• [REQUIREMENT] Take the lines below between the one holding "Maine Coon Kitten" and the one holding "Harvest a Brocoli", inclusive, and copy them exactly. Add nothing.

• [WORKING DATA]
>>>>>

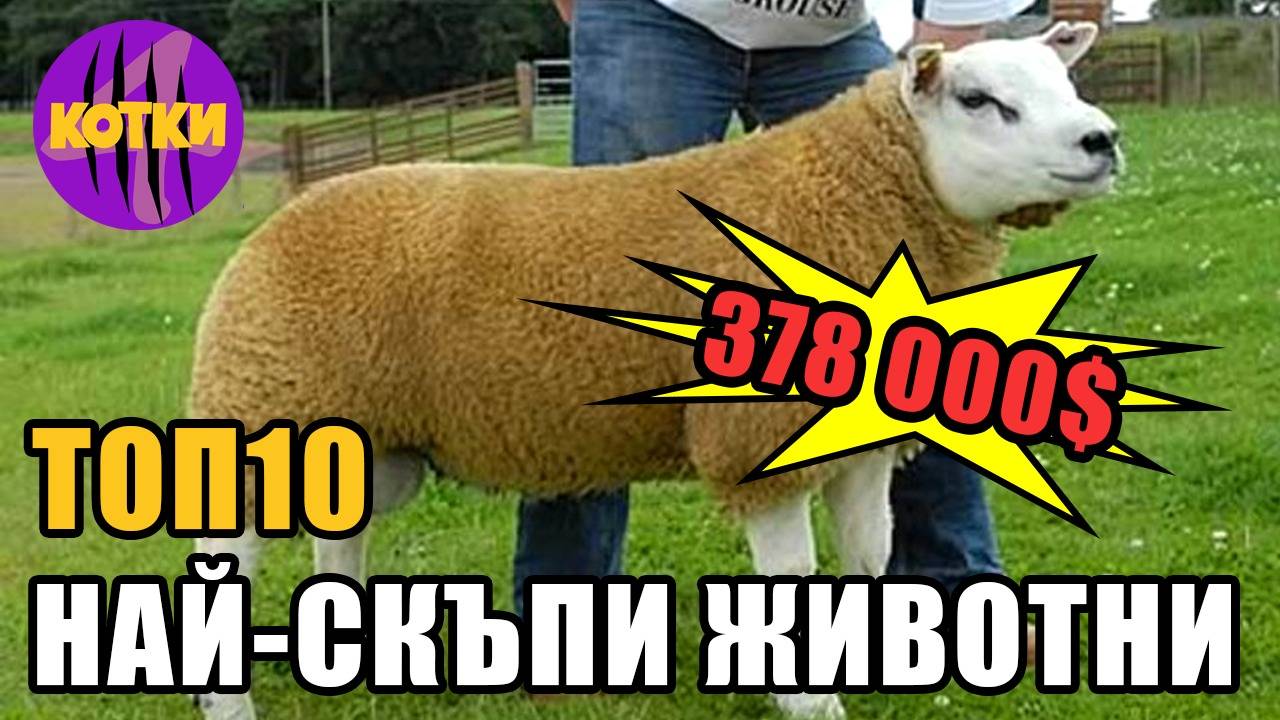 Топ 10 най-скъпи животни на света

<<<<<
>>>>>

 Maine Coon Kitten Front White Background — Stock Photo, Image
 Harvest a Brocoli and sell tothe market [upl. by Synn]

<<<<<

• [RESPONSE]
 Maine Coon Kitten Front White Background — Stock Photo, Image
 Harvest a Brocoli and sell tothe market [upl. by Synn]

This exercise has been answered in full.